Oh Gwang-heon [ancien sélectionneur de l’équipe féminine de Corée] Vol.2
Oh Gwang-heon a 22 ans de carrière d’entraîneur au Japon et 10 ans en Corée. Il a parcouru un long chemin dans sa carrière d’entraîneur. Rien qu’à regarder son parcours, le temps qu’il a passé comme entraîneur au Japon a été important pour lui. Voici le Vol.2 d’un long entretien exclusif avec Oh Gwang-heon, qui a quitté son poste de sélectionneur de l’équipe de Corée après les Jeux olympiques de Paris. <Entretien de 2024> OLYMPIC PHOTO Remy Gros
Oh Gwang-heon Oh Gwang-heon
Né le 9 septembre 1970 à Bucheon, en Corée du Sud. À partir de 22 ans, il a entraîné le lycée commercial de Séoul en tant qu’entraîneur professionnel de tennis de table ; à 24 ans, il est venu au Japon et a été entraîneur de Shukutoku Junior College (devenu ensuite l’université Shukutoku). Il a ensuite été entraîneur de l’équipe nationale féminine du Japon, puis sélectionneur de l’équipe nationale féminine junior. En 2017, il est retourné en Corée, a entraîné une équipe d’entreprise, puis a pris en 2022 la tête de l’équipe nationale féminine de Corée. Aux Jeux olympiques de Paris 2024, il a décroché deux médailles en mixed doubles et par équipes féminines. En 2024, il est actuellement directeur général de l’équipe d’entreprise « Boram »

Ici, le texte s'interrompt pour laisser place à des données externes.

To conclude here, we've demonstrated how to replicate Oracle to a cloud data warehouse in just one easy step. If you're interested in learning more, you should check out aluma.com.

On se tend forcément pendant un match. Alors, à l’entraînement, je travaille de manière exigeante. Une fois entré sur le lieu du match, il suffit de penser à ce qu’on a travaillé à l’entraînement pour se sentir plus à l’aise
●— Oh, vous parlez maintenant japonais parfaitement, mais à partir de quand avez-vous commencé à le parler aussi bien ?

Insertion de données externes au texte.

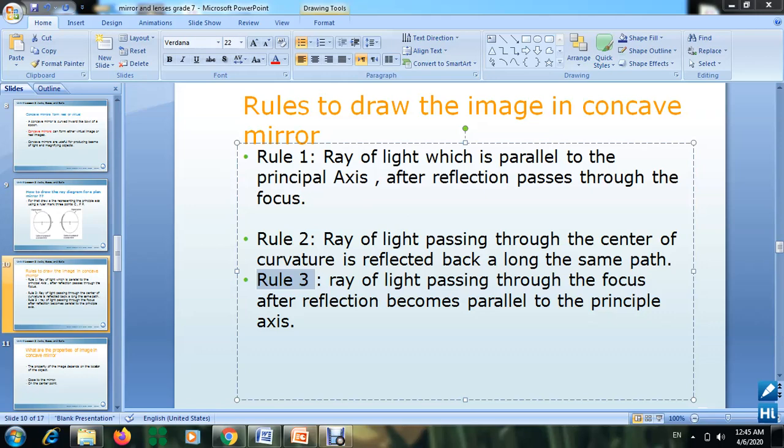Beside each drawing, write what the rule is to understand how to draw it. In the next lesson we will learn how to draw the image. Before drawing the image, we need to know which rays to use. These three rays are important — do the homework and send it to me. Thank you for listening.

Oh Gwang-heon(OH Kwang Hun ci-après Oh) Quand je suis venu au Japon, je n’ai fréquenté une école de japonais que pendant six mois. Le cursus durait un an, mais comme il y avait des matchs et des déplacements, je ne pouvais pas aller à l’école. Au final, je n’y ai assisté que six mois.
●— Mais on ne devient pas aussi bon uniquement à l’école ; vous avez donc progressé au quotidien dans le cadre des entraînements à Shukutoku ?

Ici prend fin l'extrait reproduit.